Le film Le Retour de Catherine Corsini sert d’exemple. Il s’est vu priver d’une partie de son financement public après qu’il a été découvert qu’une scène sexuellement explicite, simulée, impliquant une actrice mineure, n’a pas été déclarée correctement aux autorités.
Formation et prévention
« La seule façon de faire plier des producteurs est de frapper à leur porte-monnaie », argumente l’actrice Ariane Labed, l’une des initiatrices de l’Association des acteur.ices (Ada). « En travaillant davantage à l’étranger qu’en France, je suis choquée par le retard pris par le cinéma français, principalement dû à l’idée du réalisateur tout-puissant » sur son plateau, explique-t-elle.
Des changements sont en cours, sous l’impulsion du CNC et de l’Afdas, l’organisme de formation du secteur. Désormais obligatoires, les formations pour prévenir les violences vont concerner l’ensemble des équipes avant même le début du tournage dès le printemps.
Le déploiement d’une assurance spécifique, couvrant jusqu’à cinq jours d’interruption de tournage si les faits sont signalés au procureur, vise à empêcher les producteurs de négliger les cas de harcèlement.
Le collectif 50/50, très engagé sur la question, a salué ces progrès lors de ses assises en décembre. Cependant, il trouve que les choses avancent trop lentement, malgré l’obligation de désigner des « référents harcèlement ».
« Beaucoup de gens ne sont pas du tout sensibles à la question et ne s’en soucient pas vraiment. Je pense qu’il est toujours très difficile de s’exprimer, de faire part de son inconfort face à une situation » de harcèlement ou de violence, expliquait Clémentine Charlemaine, coprésidente de l’association, à l’AFP.
Perçus comme une « police des mœurs »
Influencés par l’industrie du cinéma américain, les « coordinateurs d’intimité », dont la mission est de superviser les scènes sexuelles lors des tournages, émergent timidement en France.

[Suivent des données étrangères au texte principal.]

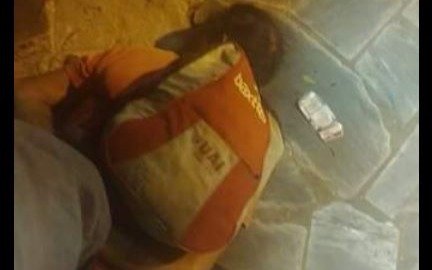 Indignación: vecinos atraparon a sujeto que intentaba entrar a una casa y "la policía lo dejó ir"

Les séries Emily in Paris (Netflix) et Skam France (France TV), ainsi que le film Une zone à défendre (Amazon Prime) avec François Civil et Lyna Khoudri, ont fait appel à leurs services.
« Nous sommes souvent perçus comme la police des mœurs », regrette auprès de l’AFP Paloma Garcia Martens, l’une des rares coordinatrices d’intimité en activité en France, qui se voit plutôt comme un « secours mis en scène ».
Elle rencontre plusieurs obstacles dans son travail, parmi lesquels le rejet de l’intrusion dans la « relation sacrée » entre le réalisateur et l’acteur, la méfiance des producteurs, mais aussi celle des acteurs eux-mêmes, qui pensent parfois qu’ils doivent tout accepter pour réussir leur carrière.